**TASK INSTRUCTIONS**
Your response must be the entire set of entries, reproduced word for word.

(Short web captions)
────
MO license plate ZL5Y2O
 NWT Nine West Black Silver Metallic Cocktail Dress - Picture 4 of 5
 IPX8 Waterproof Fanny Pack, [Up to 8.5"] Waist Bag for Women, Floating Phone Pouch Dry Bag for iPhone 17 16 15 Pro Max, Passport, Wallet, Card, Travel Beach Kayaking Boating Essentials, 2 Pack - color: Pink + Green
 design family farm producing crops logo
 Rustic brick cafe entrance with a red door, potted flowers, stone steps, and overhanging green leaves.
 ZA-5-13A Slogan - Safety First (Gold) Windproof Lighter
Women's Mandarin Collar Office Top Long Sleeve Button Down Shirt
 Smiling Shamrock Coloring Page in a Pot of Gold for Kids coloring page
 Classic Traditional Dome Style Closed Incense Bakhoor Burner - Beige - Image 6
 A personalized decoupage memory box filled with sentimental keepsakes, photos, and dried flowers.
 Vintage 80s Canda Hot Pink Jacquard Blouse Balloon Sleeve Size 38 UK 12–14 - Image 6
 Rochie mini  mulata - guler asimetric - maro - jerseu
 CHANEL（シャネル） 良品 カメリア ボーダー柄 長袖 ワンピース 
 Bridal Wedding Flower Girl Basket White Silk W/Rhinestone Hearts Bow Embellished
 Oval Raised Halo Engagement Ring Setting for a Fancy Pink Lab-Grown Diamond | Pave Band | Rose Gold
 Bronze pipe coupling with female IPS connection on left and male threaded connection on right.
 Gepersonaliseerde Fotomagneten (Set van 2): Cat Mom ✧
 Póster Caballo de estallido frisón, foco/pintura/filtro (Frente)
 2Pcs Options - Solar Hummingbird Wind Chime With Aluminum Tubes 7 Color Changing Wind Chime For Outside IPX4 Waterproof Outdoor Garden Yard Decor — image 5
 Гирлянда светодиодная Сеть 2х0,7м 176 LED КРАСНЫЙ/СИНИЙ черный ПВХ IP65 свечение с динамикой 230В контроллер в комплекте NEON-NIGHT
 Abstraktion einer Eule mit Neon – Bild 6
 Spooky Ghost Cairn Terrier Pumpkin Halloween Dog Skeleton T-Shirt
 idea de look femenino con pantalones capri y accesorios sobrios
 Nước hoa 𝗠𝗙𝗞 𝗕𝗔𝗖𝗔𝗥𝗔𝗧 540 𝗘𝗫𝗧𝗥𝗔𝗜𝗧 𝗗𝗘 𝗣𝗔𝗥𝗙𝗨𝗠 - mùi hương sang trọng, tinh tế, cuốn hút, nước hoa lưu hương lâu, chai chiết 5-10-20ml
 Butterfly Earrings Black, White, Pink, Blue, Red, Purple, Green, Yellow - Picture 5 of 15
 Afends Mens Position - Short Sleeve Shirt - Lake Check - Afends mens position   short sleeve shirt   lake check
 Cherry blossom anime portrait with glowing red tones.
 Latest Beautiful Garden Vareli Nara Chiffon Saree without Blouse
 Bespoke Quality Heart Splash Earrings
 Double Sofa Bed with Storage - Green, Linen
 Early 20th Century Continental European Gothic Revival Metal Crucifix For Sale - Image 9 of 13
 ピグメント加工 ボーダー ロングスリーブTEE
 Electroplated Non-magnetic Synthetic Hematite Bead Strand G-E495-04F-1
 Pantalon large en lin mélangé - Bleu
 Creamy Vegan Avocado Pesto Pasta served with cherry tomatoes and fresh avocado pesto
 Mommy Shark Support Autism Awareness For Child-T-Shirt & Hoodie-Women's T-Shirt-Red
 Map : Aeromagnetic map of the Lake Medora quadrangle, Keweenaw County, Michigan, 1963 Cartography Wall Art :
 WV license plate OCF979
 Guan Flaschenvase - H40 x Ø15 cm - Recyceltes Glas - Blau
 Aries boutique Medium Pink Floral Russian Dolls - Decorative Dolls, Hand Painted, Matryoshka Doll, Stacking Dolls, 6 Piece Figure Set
────
**EXERCISE ANSWER**
MO license plate ZL5Y2O
 NWT Nine West Black Silver Metallic Cocktail Dress - Picture 4 of 5
 IPX8 Waterproof Fanny Pack, [Up to 8.5"] Waist Bag for Women, Floating Phone Pouch Dry Bag for iPhone 17 16 15 Pro Max, Passport, Wallet, Card, Travel Beach Kayaking Boating Essentials, 2 Pack - color: Pink + Green
 design family farm producing crops logo
 Rustic brick cafe entrance with a red door, potted flowers, stone steps, and overhanging green leaves.
 ZA-5-13A Slogan - Safety First (Gold) Windproof Lighter
Women's Mandarin Collar Office Top Long Sleeve Button Down Shirt
 Smiling Shamrock Coloring Page in a Pot of Gold for Kids coloring page
 Classic Traditional Dome Style Closed Incense Bakhoor Burner - Beige - Image 6
 A personalized decoupage memory box filled with sentimental keepsakes, photos, and dried flowers.
 Vintage 80s Canda Hot Pink Jacquard Blouse Balloon Sleeve Size 38 UK 12–14 - Image 6
 Rochie mini  mulata - guler asimetric - maro - jerseu
 CHANEL（シャネル） 良品 カメリア ボーダー柄 長袖 ワンピース 
 Bridal Wedding Flower Girl Basket White Silk W/Rhinestone Hearts Bow Embellished
 Oval Raised Halo Engagement Ring Setting for a Fancy Pink Lab-Grown Diamond | Pave Band | Rose Gold
 Bronze pipe coupling with female IPS connection on left and male threaded connection on right.
 Gepersonaliseerde Fotomagneten (Set van 2): Cat Mom ✧
 Póster Caballo de estallido frisón, foco/pintura/filtro (Frente)
 2Pcs Options - Solar Hummingbird Wind Chime With Aluminum Tubes 7 Color Changing Wind Chime For Outside IPX4 Waterproof Outdoor Garden Yard Decor — image 5
 Гирлянда светодиодная Сеть 2х0,7м 176 LED КРАСНЫЙ/СИНИЙ черный ПВХ IP65 свечение с динамикой 230В контроллер в комплекте NEON-NIGHT
 Abstraktion einer Eule mit Neon – Bild 6
 Spooky Ghost Cairn Terrier Pumpkin Halloween Dog Skeleton T-Shirt
 idea de look femenino con pantalones capri y accesorios sobrios
 Nước hoa 𝗠𝗙𝗞 𝗕𝗔𝗖𝗔𝗥𝗔𝗧 540 𝗘𝗫𝗧𝗥𝗔𝗜𝗧 𝗗𝗘 𝗣𝗔𝗥𝗙𝗨𝗠 - mùi hương sang trọng, tinh tế, cuốn hút, nước hoa lưu hương lâu, chai chiết 5-10-20ml
 Butterfly Earrings Black, White, Pink, Blue, Red, Purple, Green, Yellow - Picture 5 of 15
 Afends Mens Position - Short Sleeve Shirt - Lake Check - Afends mens position   short sleeve shirt   lake check
 Cherry blossom anime portrait with glowing red tones.
 Latest Beautiful Garden Vareli Nara Chiffon Saree without Blouse
 Bespoke Quality Heart Splash Earrings
 Double Sofa Bed with Storage - Green, Linen
 Early 20th Century Continental European Gothic Revival Metal Crucifix For Sale - Image 9 of 13
 ピグメント加工 ボーダー ロングスリーブTEE
 Electroplated Non-magnetic Synthetic Hematite Bead Strand G-E495-04F-1
 Pantalon large en lin mélangé - Bleu
 Creamy Vegan Avocado Pesto Pasta served with cherry tomatoes and fresh avocado pesto
 Mommy Shark Support Autism Awareness For Child-T-Shirt & Hoodie-Women's T-Shirt-Red
 Map : Aeromagnetic map of the Lake Medora quadrangle, Keweenaw County, Michigan, 1963 Cartography Wall Art :
 WV license plate OCF979
 Guan Flaschenvase - H40 x Ø15 cm - Recyceltes Glas - Blau
 Aries boutique Medium Pink Floral Russian Dolls - Decorative Dolls, Hand Painted, Matryoshka Doll, Stacking Dolls, 6 Piece Figure Set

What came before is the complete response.